Work to complete
Pictures aside, write out the data exactly as it reads.

Web page caption snippets
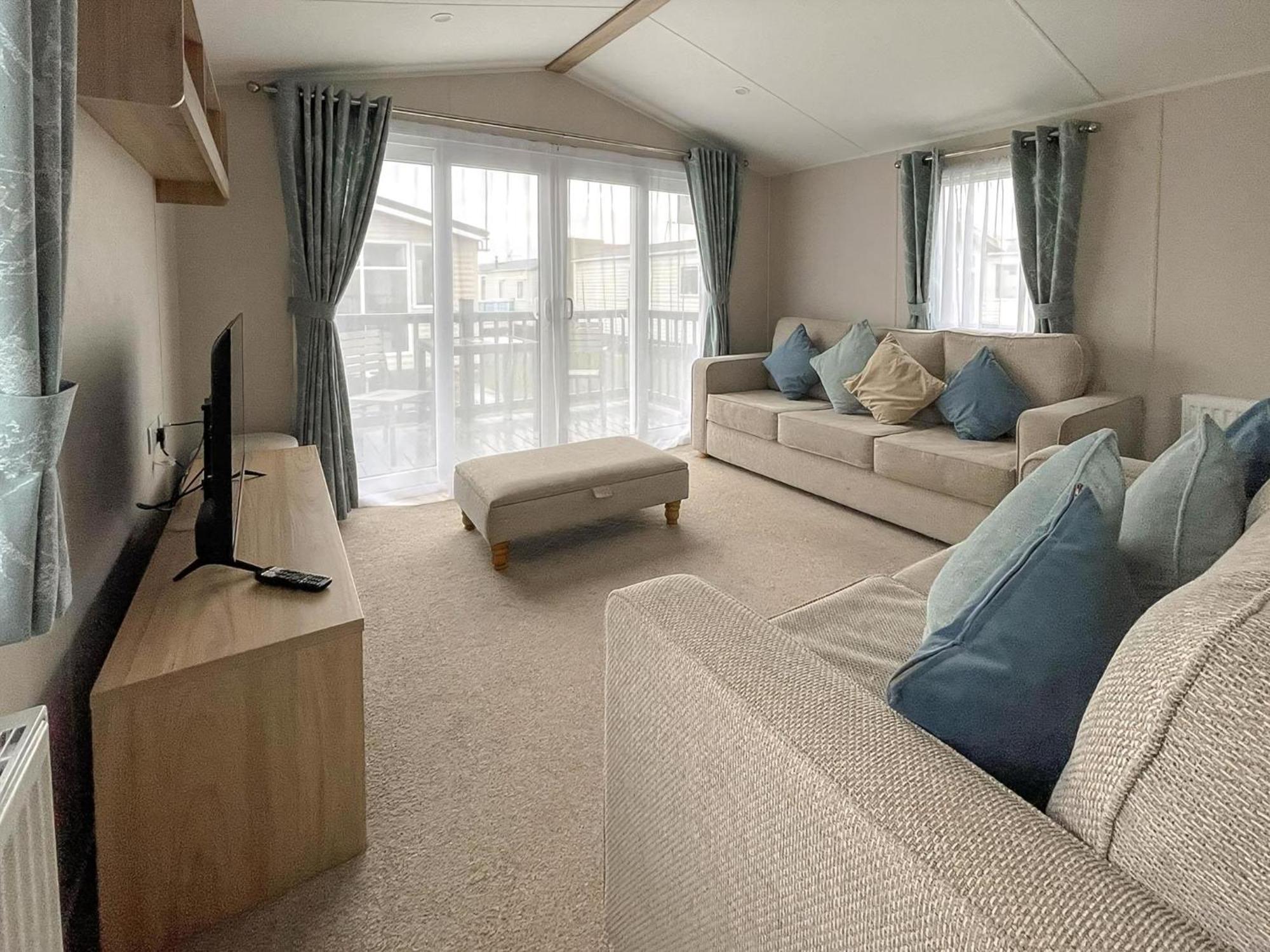 Beautiful 8 Berth Caravan With Decking At Naze Marine Park, Essex Ref 17184P Walton-on-the-Naze Exterior photo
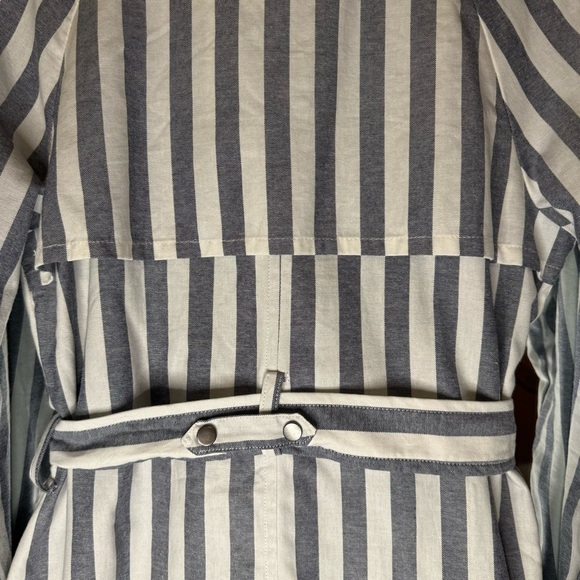 Women’s alter’d state double breasted tie waist trench coat size small. Like new - Picture 4 of 6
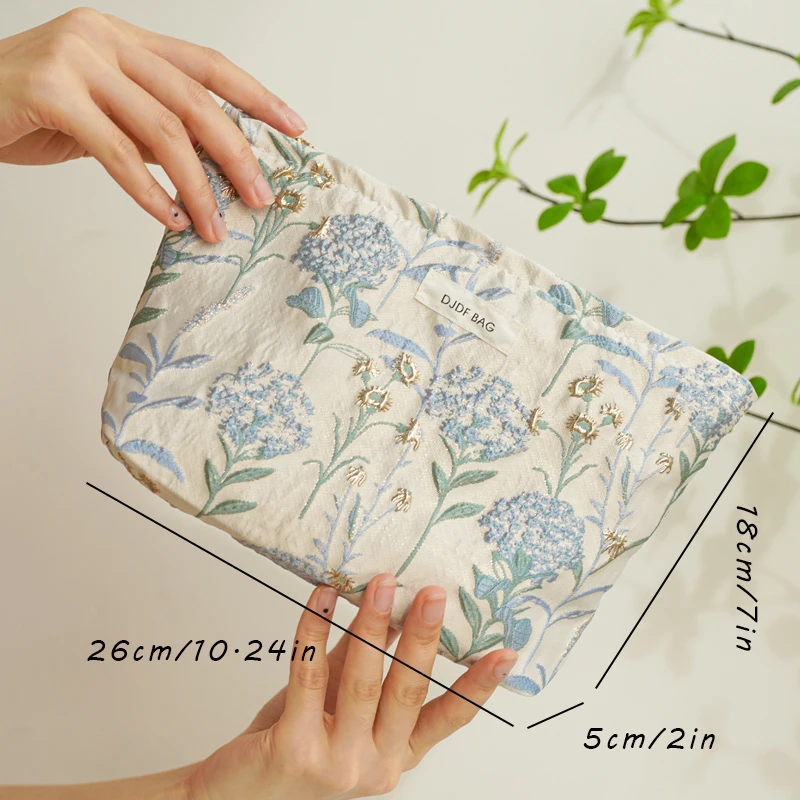 Women\'s Makeup Bag, Blue Bouquet, Large Capacity Sanitary Napkin, Touch-up, Makeup Supplies, Canvas Storage Bag, Toiletry Bag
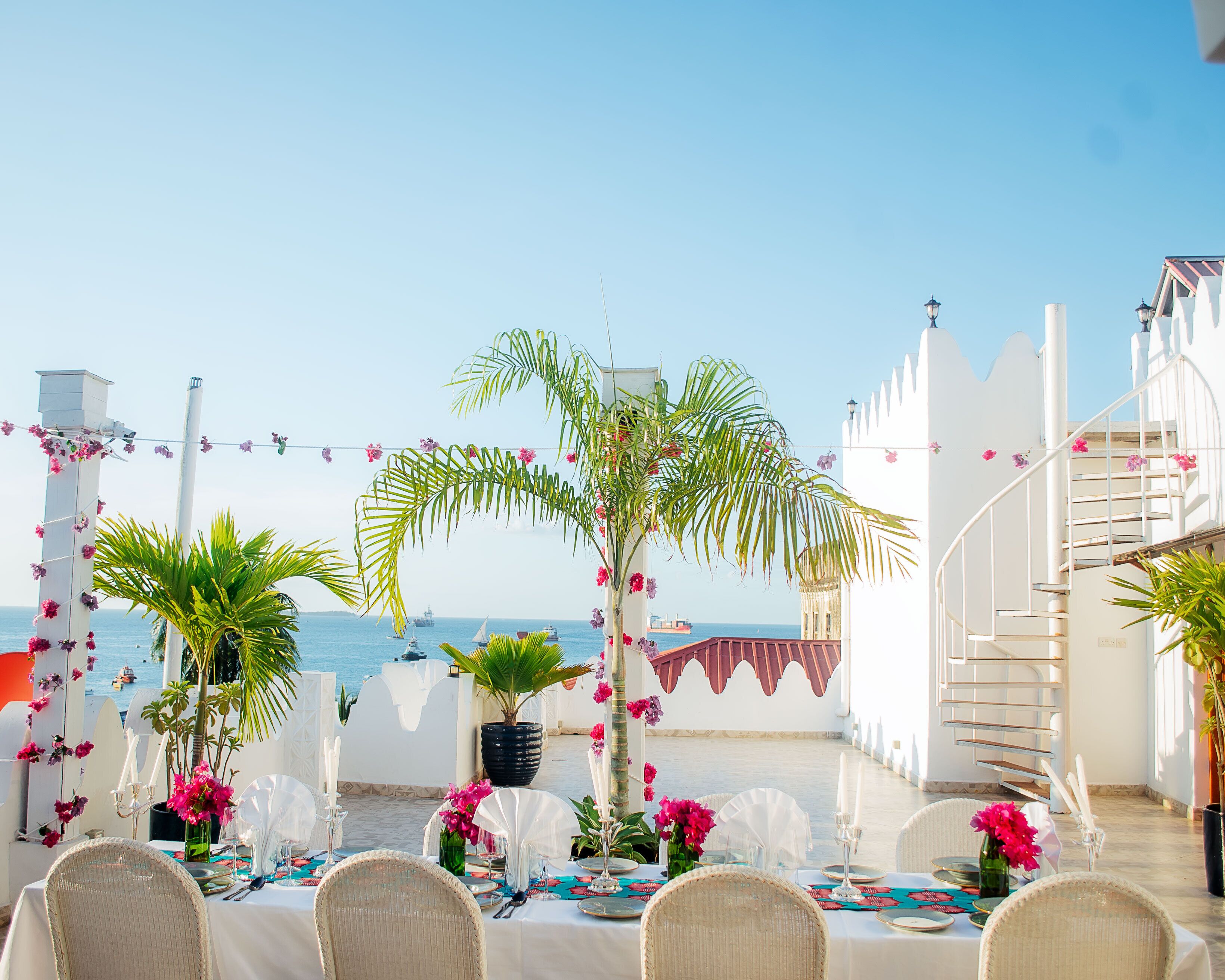 breakfast, lunch, dinner served; sea views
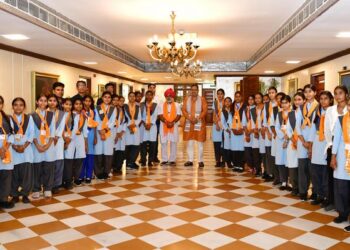 Chief Minister Bhajan Lal Sharma gave affectionate dialogue with talented daughters, wishes for a bright future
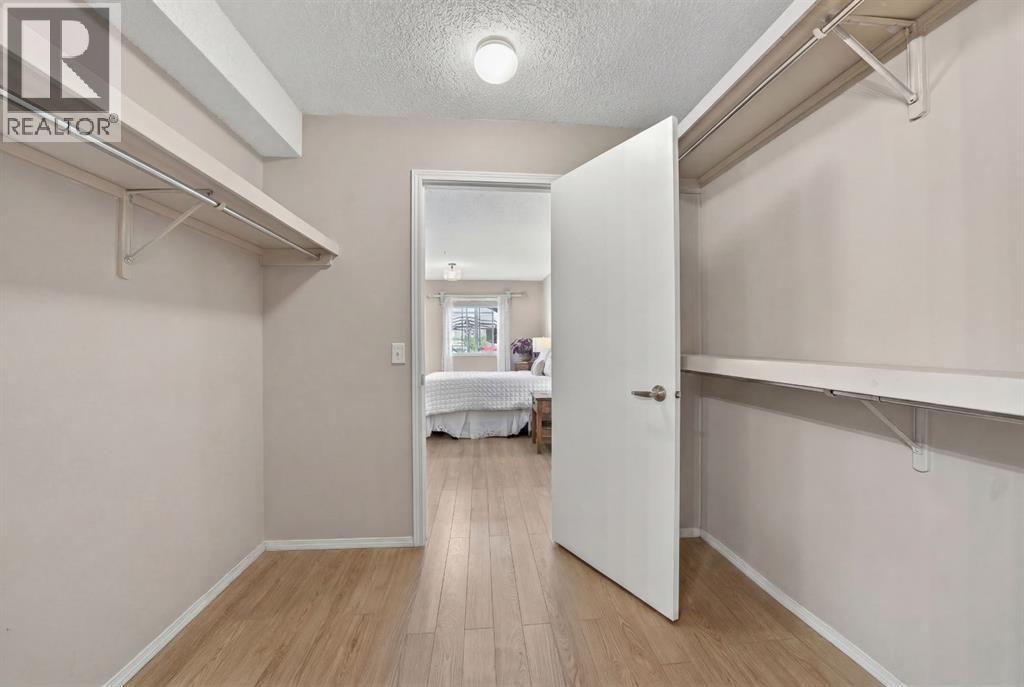 卡尔加里 South Calgary 2卧2卫公寓｜朝南超大露台 1328 sqft - 19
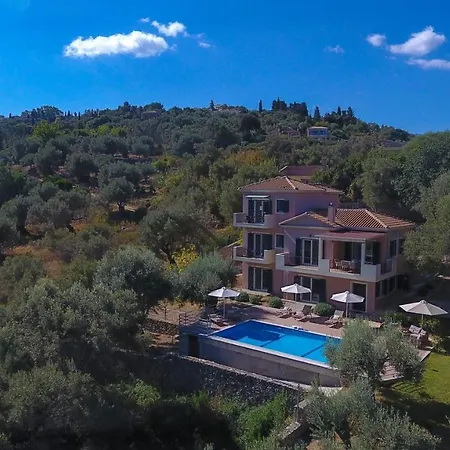 Villa Daphne, Inoro Katouna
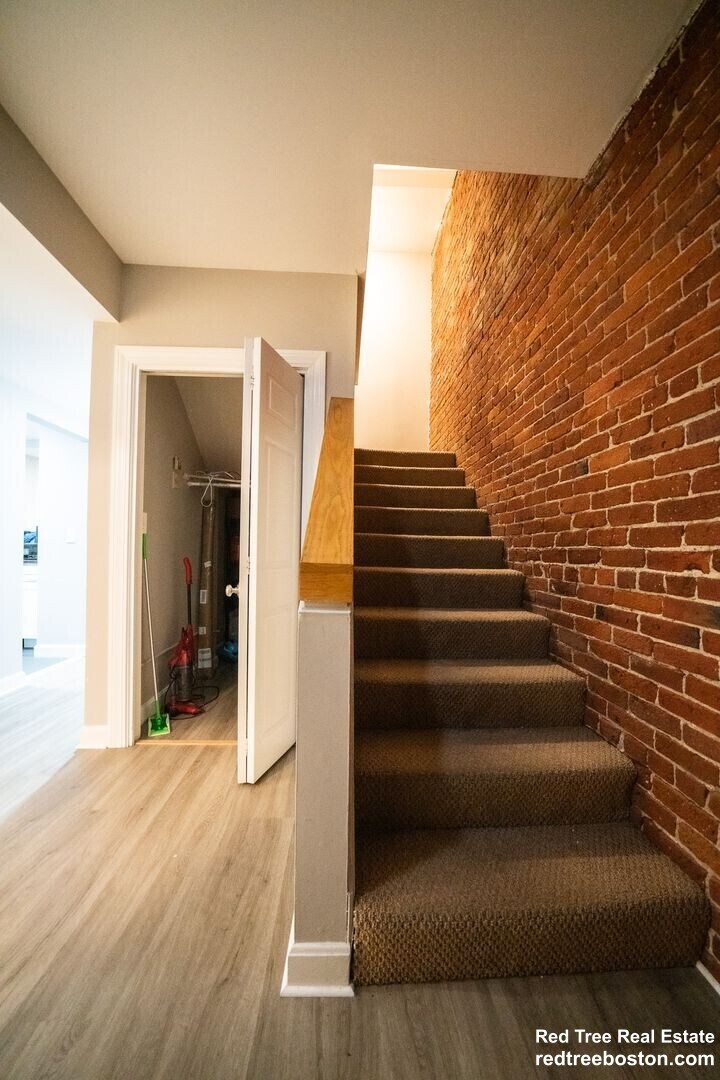 Building Photo - 191 Saint Botolph St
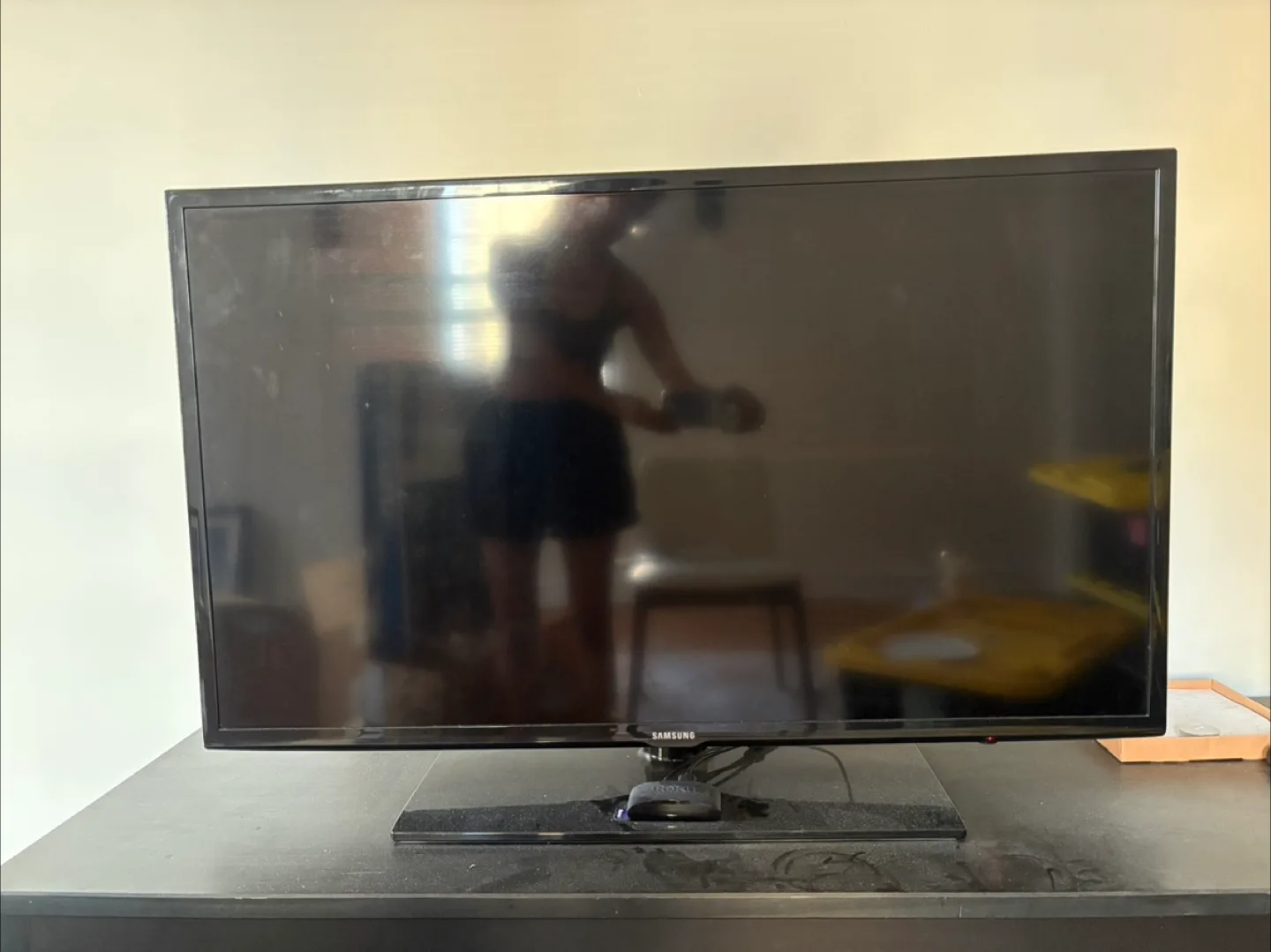 Samsung 40" LED Smart TV + Roku thumbnail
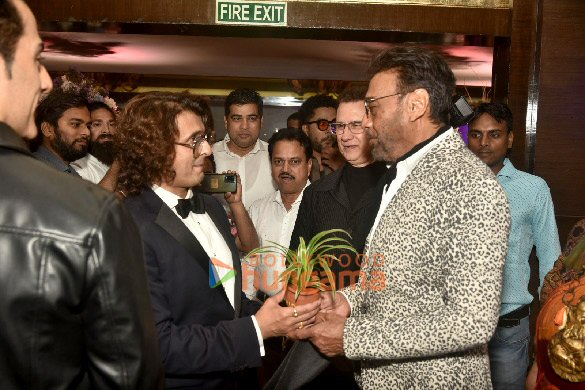 photos celebs snapped at sonu nigams 50th birthday celebrations at sahara star 25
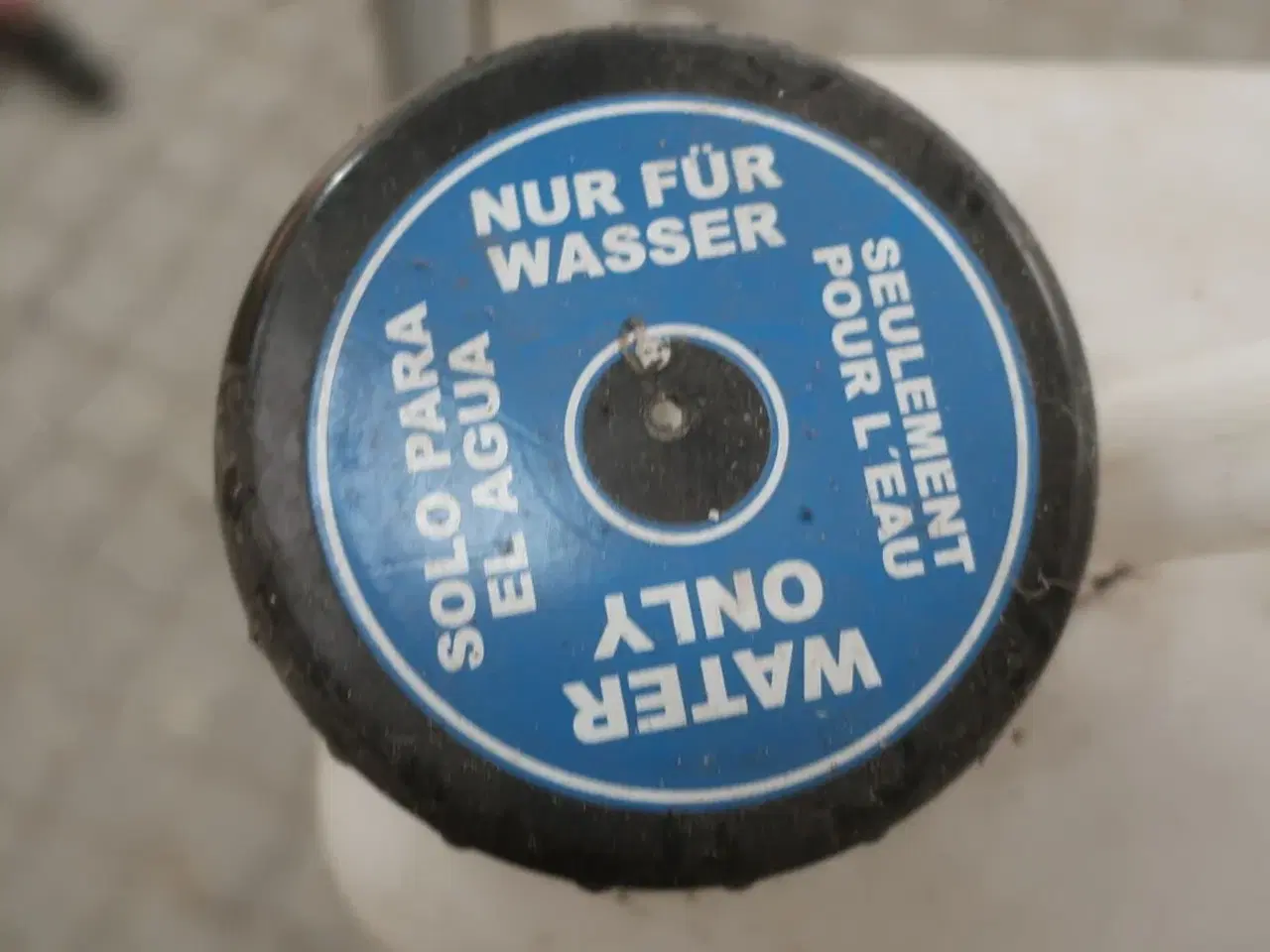 Billede 3 - Trillebør og vandsprøjte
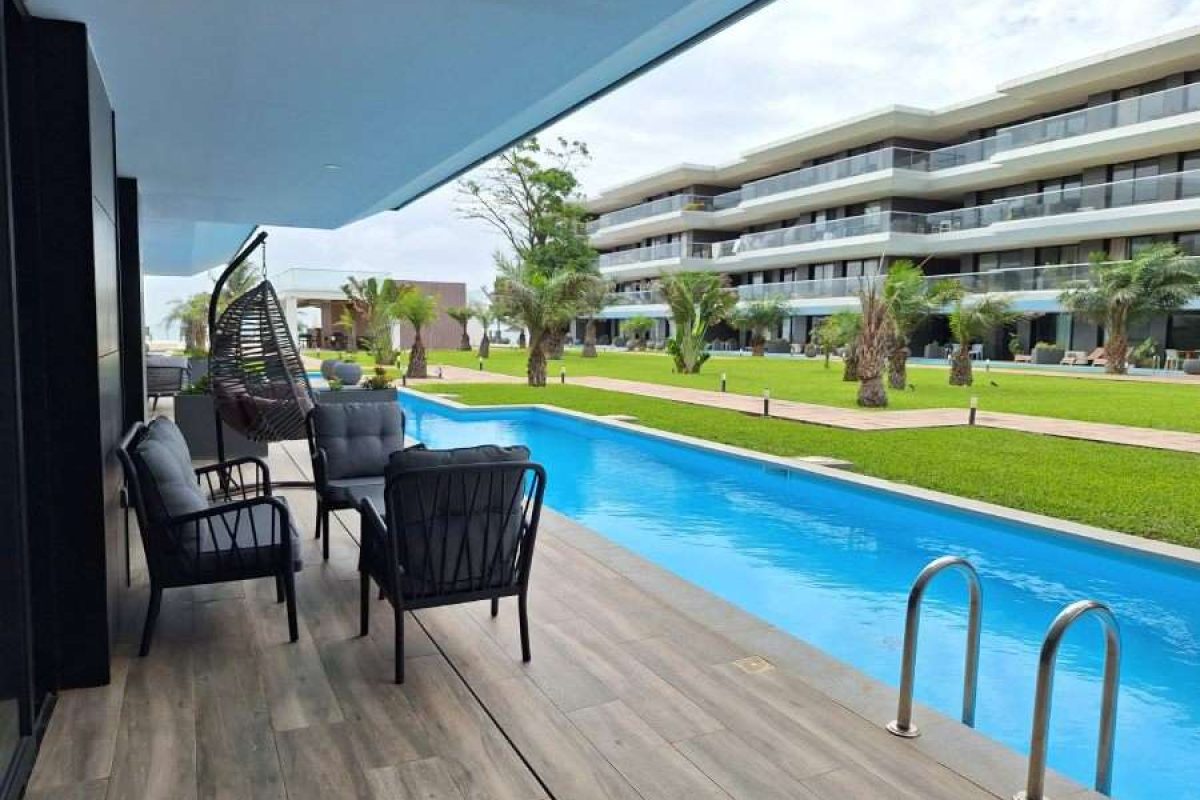 803 the swim up pool and terracew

Reply
 Beautiful 8 Berth Caravan With Decking At Naze Marine Park, Essex Ref 17184P Walton-on-the-Naze Exterior photo
 Women’s alter’d state double breasted tie waist trench coat size small. Like new - Picture 4 of 6
 Women\'s Makeup Bag, Blue Bouquet, Large Capacity Sanitary Napkin, Touch-up, Makeup Supplies, Canvas Storage Bag, Toiletry Bag
 breakfast, lunch, dinner served; sea views
 Chief Minister Bhajan Lal Sharma gave affectionate dialogue with talented daughters, wishes for a bright future
 卡尔加里 South Calgary 2卧2卫公寓｜朝南超大露台 1328 sqft - 19
 Villa Daphne, Inoro Katouna
 Building Photo - 191 Saint Botolph St
 Samsung 40" LED Smart TV + Roku thumbnail
 photos celebs snapped at sonu nigams 50th birthday celebrations at sahara star 25
 Billede 3 - Trillebør og vandsprøjte
 803 the swim up pool and terracew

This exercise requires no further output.